Aim of the task: Produce a verbatim copy of the data below that contains no pictures.

Provided material:

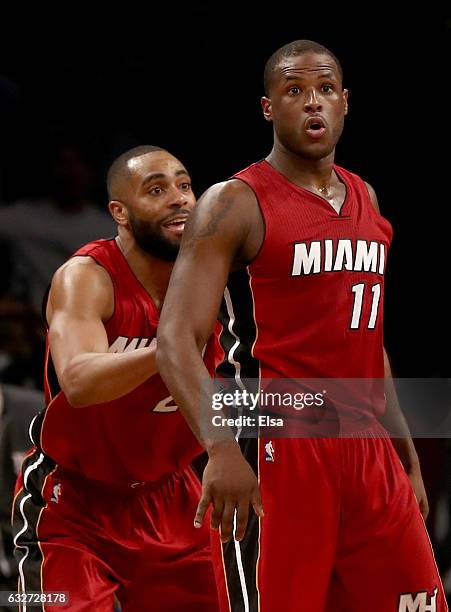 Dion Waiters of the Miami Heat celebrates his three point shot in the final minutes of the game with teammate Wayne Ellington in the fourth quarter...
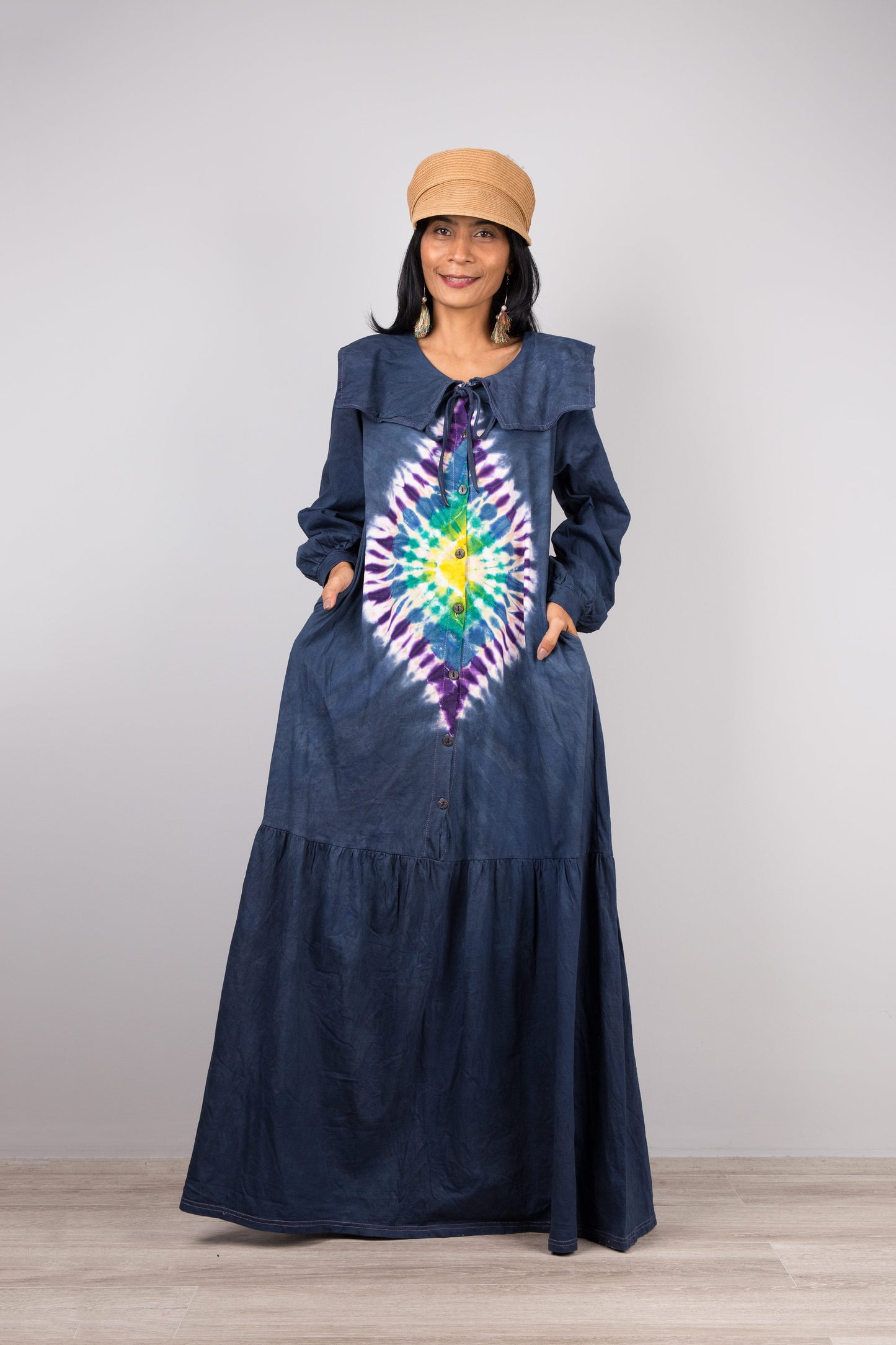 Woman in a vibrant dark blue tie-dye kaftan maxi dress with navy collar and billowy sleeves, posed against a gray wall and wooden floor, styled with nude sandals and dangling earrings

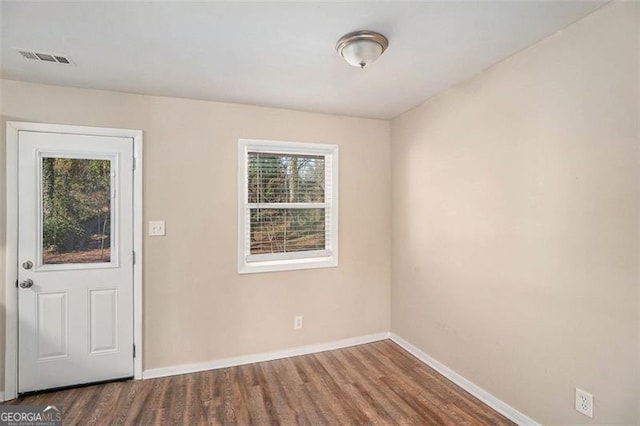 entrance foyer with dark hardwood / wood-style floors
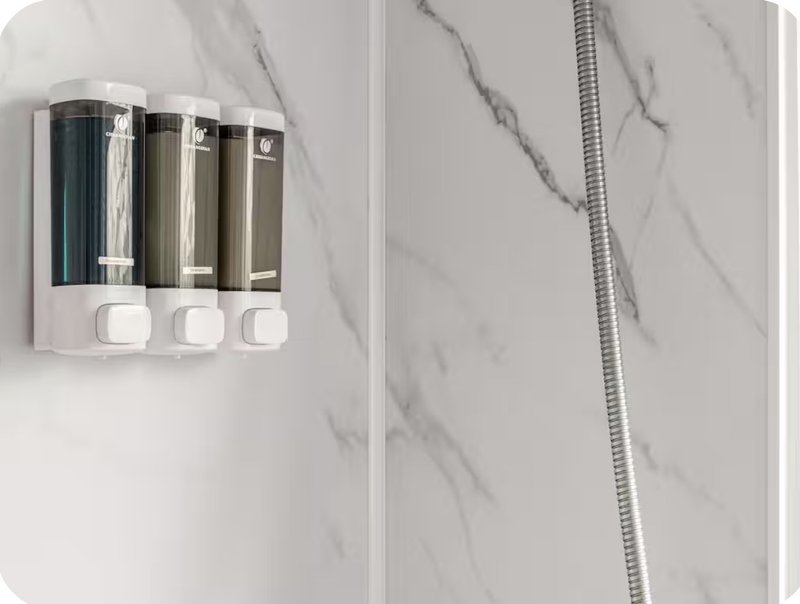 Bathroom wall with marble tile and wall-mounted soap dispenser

Expected answer:
 Dion Waiters of the Miami Heat celebrates his three point shot in the final minutes of the game with teammate Wayne Ellington in the fourth quarter...
 Woman in a vibrant dark blue tie-dye kaftan maxi dress with navy collar and billowy sleeves, posed against a gray wall and wooden floor, styled with nude sandals and dangling earrings

 entrance foyer with dark hardwood / wood-style floors
 Bathroom wall with marble tile and wall-mounted soap dispenser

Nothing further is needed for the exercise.